:: DATA BLOCK
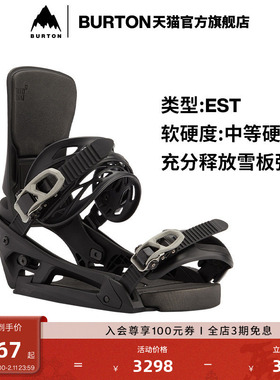 BURTON伯顿官方男士CARTEL X EST固定器缓震单板滑雪装备222321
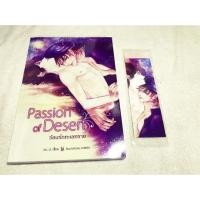 ราคา Passion of Desert ร้อนรักทะเลทราย By : N.L.G (5126375555)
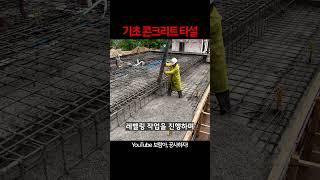 기가막힌,, 주택 기초공사 콘크리트타설 과정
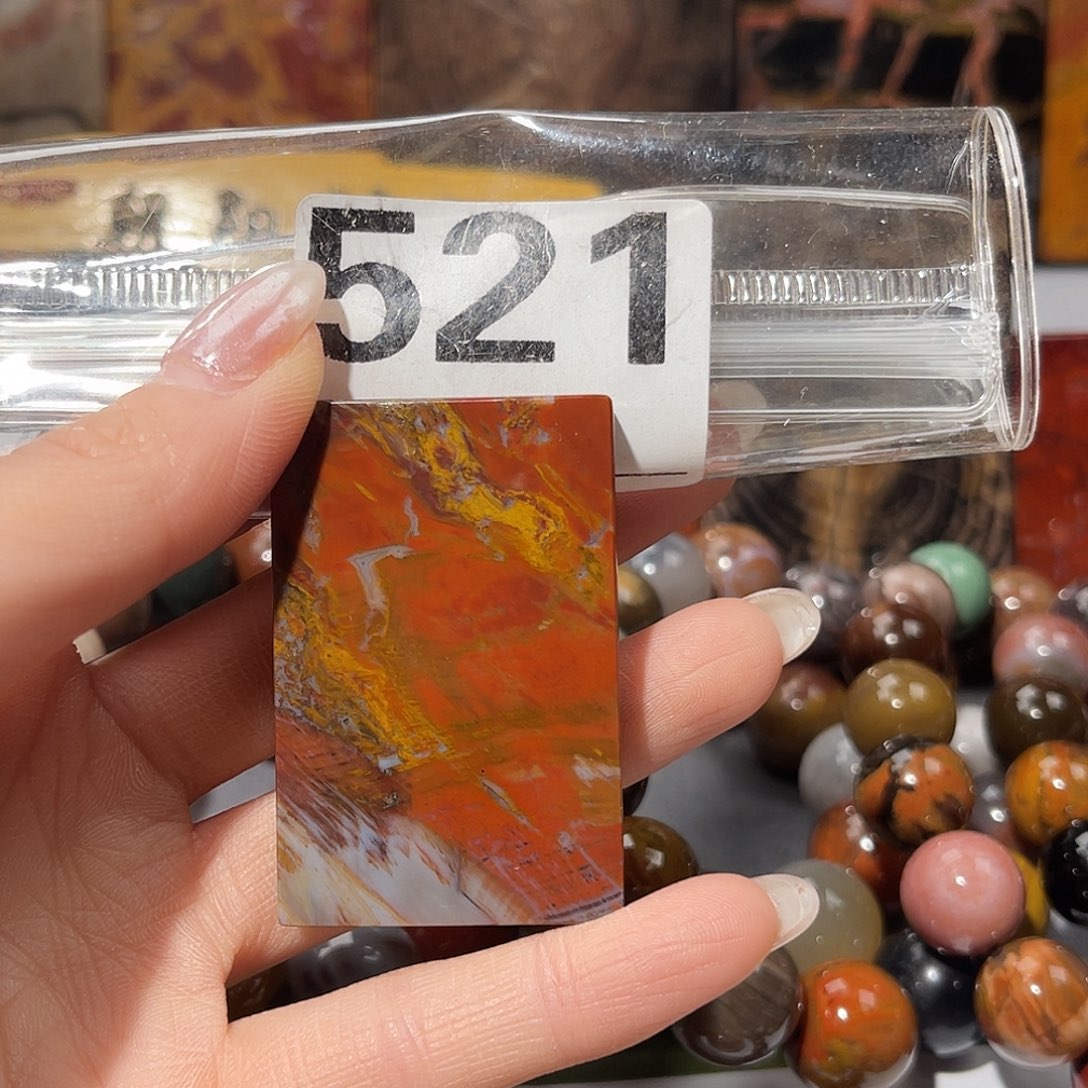 硅化玉未镶嵌天然北票硅化玉吊坠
::::
EXERCISE DETAILS:
Print each line of the listing exactly and include no pictures.

YOUR RESPONSE:
 BURTON伯顿官方男士CARTEL X EST固定器缓震单板滑雪装备222321
 ราคา Passion of Desert ร้อนรักทะเลทราย By : N.L.G (5126375555)
 기가막힌,, 주택 기초공사 콘크리트타설 과정
 硅化玉未镶嵌天然北票硅化玉吊坠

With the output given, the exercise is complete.